Of course, there are other options between the “simple” and “maximum flexibility” extremes. Bottom line, we’ll need more information before we can offer any viable suggestions.

Regards,
Wayne


----------



## recruit (May 9, 2009)

I have never seen a 4 zone AVR and not even any high end processor either, like Wayne has said things can get very complicated so more info is required.


----------



## D Wulf (Feb 15, 2008)

I believe all he wants is a way to play his Ipod or receiver in any of the 4 zones. I do not think he was interested in playing different sources at the same time but I will ask tomorrow at work and verify.

Thanks
David


----------



## jackfish (Dec 27, 2006)

If that is the case then a good stereo integrated amp like an NAD or Cambridge Audio and a volume-controlled, impedance-matching, 4-speaker selector like a Niles SSVC-4 or a Sima SSW-4HP could be a solution.


----------



## D Wulf (Feb 15, 2008)

Well I asked and his needs are:

Able to play different sources in each zone.

Keypads 
Rooms are prewired for keypads did not say what wire type or # of conductors.

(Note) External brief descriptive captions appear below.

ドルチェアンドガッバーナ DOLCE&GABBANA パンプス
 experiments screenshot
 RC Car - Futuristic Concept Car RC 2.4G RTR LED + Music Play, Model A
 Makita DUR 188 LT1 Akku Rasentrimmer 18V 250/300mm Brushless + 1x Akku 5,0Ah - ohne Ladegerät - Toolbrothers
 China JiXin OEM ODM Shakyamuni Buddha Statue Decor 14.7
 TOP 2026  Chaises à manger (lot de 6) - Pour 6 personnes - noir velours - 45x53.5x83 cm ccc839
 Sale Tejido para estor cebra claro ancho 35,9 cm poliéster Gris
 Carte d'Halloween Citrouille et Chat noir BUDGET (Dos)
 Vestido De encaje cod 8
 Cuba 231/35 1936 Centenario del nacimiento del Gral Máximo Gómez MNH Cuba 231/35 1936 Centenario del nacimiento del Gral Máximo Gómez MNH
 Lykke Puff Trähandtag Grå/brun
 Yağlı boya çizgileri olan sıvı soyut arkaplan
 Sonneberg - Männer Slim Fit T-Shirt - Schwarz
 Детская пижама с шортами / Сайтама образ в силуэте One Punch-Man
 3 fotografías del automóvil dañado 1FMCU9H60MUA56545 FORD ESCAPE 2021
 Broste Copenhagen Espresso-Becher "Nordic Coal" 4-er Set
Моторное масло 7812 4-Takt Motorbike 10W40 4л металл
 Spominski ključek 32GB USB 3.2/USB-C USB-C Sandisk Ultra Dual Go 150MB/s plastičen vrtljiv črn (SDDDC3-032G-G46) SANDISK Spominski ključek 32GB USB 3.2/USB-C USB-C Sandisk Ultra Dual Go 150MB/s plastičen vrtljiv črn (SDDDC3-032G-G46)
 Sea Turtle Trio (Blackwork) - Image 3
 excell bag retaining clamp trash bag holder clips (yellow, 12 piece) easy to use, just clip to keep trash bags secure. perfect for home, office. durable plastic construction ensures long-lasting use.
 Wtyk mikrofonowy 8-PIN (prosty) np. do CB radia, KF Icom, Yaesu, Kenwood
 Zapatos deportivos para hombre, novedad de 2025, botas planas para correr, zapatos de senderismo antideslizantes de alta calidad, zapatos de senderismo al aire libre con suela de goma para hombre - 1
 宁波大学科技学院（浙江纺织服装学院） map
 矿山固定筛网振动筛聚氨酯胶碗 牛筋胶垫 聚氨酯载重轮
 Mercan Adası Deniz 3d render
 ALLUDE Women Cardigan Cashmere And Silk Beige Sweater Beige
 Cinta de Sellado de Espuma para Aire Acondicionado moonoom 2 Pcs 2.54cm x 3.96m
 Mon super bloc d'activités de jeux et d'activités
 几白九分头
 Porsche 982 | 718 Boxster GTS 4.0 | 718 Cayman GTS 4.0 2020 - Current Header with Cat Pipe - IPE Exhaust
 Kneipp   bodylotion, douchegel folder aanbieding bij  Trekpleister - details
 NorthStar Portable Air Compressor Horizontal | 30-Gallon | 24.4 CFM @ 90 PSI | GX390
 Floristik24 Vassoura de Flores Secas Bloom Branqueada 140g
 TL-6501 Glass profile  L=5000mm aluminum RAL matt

Keypads that will allow Ipod to be docked.


----------



## Wayne A. Pflughaupt (Apr 13, 2006)

Home Theater Direct is the best deal for whole house audio that I’m aware of. 

Sorry, but AFAIK there is no such thing as a keypad with an iPod dock. iPod connection will have to be accomplished at the system's front end.

Regards,
Wayne


----------



## Andre (Feb 15, 2010)

I agree with Wayne the MCA-66 is what you want to look at for that many zones at a decent price point


----------